Un cube de glace chaude d'une centaine de mètres de haut engloutit Salesin complètement.
Tout ce qui était à l'intérieur ne mourrait pas seulement — il cesserait d'exister, sans laisser de trace.
Et pourtant —
FLASH !
Une unique explosion de lumière en forme de croix fendit la glace chaude net en une croix parfaite.
Le cube de glace massif se brisa en huit fragments.
À l'intérieur, Salesin écarta les bras comme pour savourer l'instant, les yeux fermés.
Il ne portait aucune blessure. Ses vêtements n'étaient pas chamarrés.
Le Seigneur Élémentaire bougea à nouveau.
Ses ailes blanches durcirent, devinrent lisses et rigides.
Le Seigneur Élémentaire ignora la résistance de l'air et piqua droit sur Salesin.
Ses ailes étaient devenues des lames. La surface frémissait de vibrations ultra-fines.
Une vibro-lame supersonique — plus de cent mètres de long — fonçant plus vite que le son.
Aucun œil humain ne pouvait suivre ça.
Pourtant Salesin restait calme.
La raison apparut bientôt.
Slice !
Avec un son net, lisse, une aile fière du Seigneur Élémentaire fut sectionnée.
On eut dit moins qu'elle fut tranchée de force qu'elle ne se brisa le long de son propre grain durci par une rigidité excessive.
Salesin, lui, se tenait indemne.
Tout ce qu'il avait fait, c'était étendre légèrement un doigt avant que l'aile ne l'atteigne.

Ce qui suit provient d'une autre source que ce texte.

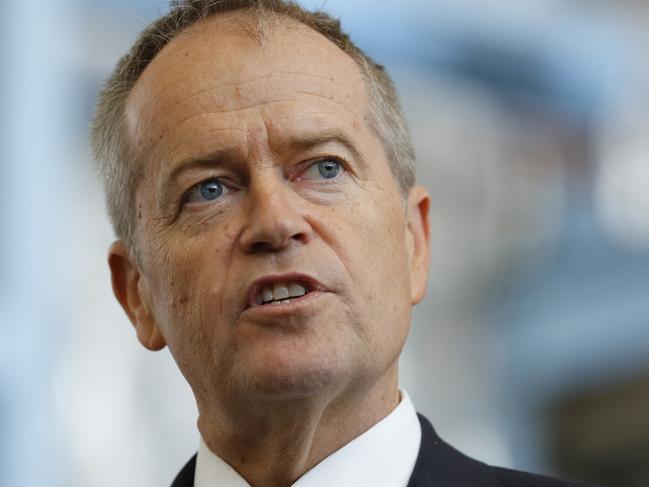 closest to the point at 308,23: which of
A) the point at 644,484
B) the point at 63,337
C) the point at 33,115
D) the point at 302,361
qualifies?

Cela seul suffit à la sectionner.
Le Seigneur Élémentaire vira immédiatement et accéléra.
Sa vitesse entra dans le domaine hypersonique.
Sa forme disparut — ne resta qu'un éclair blanc.
Mach 20.
Les missiles balistiques intercontinentaux rentrent dans l'atmosphère à Mach 20.

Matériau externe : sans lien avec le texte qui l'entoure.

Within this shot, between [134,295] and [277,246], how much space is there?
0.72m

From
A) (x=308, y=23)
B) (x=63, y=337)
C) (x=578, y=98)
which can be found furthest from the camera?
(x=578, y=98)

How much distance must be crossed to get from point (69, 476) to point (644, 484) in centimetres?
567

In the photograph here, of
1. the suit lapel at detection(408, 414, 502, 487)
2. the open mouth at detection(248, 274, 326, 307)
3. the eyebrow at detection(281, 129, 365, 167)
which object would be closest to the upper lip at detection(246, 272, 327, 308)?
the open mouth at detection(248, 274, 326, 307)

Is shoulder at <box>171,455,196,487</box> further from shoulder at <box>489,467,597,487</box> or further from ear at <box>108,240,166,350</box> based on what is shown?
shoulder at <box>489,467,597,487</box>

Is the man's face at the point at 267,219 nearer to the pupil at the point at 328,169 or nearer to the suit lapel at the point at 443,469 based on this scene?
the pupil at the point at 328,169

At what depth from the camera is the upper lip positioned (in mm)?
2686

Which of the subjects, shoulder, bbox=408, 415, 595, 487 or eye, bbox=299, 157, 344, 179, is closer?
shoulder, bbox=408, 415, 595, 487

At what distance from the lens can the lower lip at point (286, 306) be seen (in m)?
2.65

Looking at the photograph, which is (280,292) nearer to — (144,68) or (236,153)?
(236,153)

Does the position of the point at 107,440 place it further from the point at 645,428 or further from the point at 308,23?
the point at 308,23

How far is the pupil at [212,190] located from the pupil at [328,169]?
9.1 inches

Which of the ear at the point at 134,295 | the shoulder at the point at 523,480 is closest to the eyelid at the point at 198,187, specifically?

Le Seigneur Élémentaire était au moins aussi rapide.
Même lui ne pouvait pas contrôler totalement l'air environnant à cette vitesse ; le sillage restait nettement visible derrière lui.
Le ciel lui-même se fendit.
Les nuages s'écartèrent, et la radiance de Salesin s'y déversa comme une cascade.
De loin, on eut dit un dieu descendant sur le monde.
« Oooooh... »
« Oh, Seigneur... »
« Veillez sur nous... »
Même des soldats sans foi religieuse tombèrent à genoux, priant à cette vue.
La lame du Seigneur Élémentaire toucha le cou de Salesin.
« Toucha » était le seul mot possible.
À Mach 20, même la distance ne signifiait rien ; la lame trancherait sa cible en un instant.
Mais ce fut tout — elle toucha.
Parce que le cou de Salesin était intact.
L'être colossal s'arrêta net.
Un regard plus attentif le montrait : un pouvoir sacré scintillait au point de contact, repoussant l'aile.
« Il l'a bloqué avec du pouvoir divin ? »
Alex — dont la perspicacité surpassait tous les présents — le dit à voix haute.
Une attaque capable de trancher le diamant comme du tofu échoua à percer le mince voile de pouvoir divin sur la peau de Salesin.
On ne pouvait même pas en imaginer la densité.
« Mm. C'était un petit tour assez divertissant. »
Salesin donna son impression franche.
« Pas mal — mais c'est tout. »
Son doigt pointa le torse du Seigneur Élémentaire — le cœur annelé de ses ailes.
FLASH !
Un rayon blanc pur transperça le corps du Seigneur Élémentaire.
Son torse fondit ; ailes et tout s'effondrèrent vers le bas.
En tombant, la forme entière se dissout en brume et disparut dans l'atmosphère.
Les esprits sont liés à la nature.
Quand ils subissent des dégâts au-delà de leur limite, ils ne meurent pas — ils sont forcés de se désinvoquer.
Ce fut tout ce qui arriva.
Pourtant, la défaite du Seigneur Élémentaire était choquante.
Son assaut de pleine puissance n'avait pas fait bouger Salesin d'un pouce.
Une attaque qui semblait fendre le ciel lui-même.
Le titre de Souverain Saint n'était pas usurpé — son pouvoir était absurde.
Même si Salesin possédait le plus grand talent de l'histoire, c'était bien au-delà des limites acceptables.
Rine ne pouvait pas détacher ses yeux de lui.
« Q-qui... qui es-tu ? »
Rine avait vu —
Alors que tous les autres ne fixaient que la lumière radieuse de Salesin, son Œil du Jugement lui montrait autre chose :
Une obscurité d'encre.
Une masse grotesque qui lui glaçait la peau, lui retournait l'estomac, lui donnait envie de vomir rien qu'en la regardant.
Même les cryptids invoqués par Hans ne lui donnaient pas ce sentiment.
Mais Salesin, si.
Il était comme mille ans de malice et de cupidité amalgamés.
« Oh, ma chère. Comme on s'y attend de l'Œil du Jugement. »
Salesin sourit, légèrement embarrassé.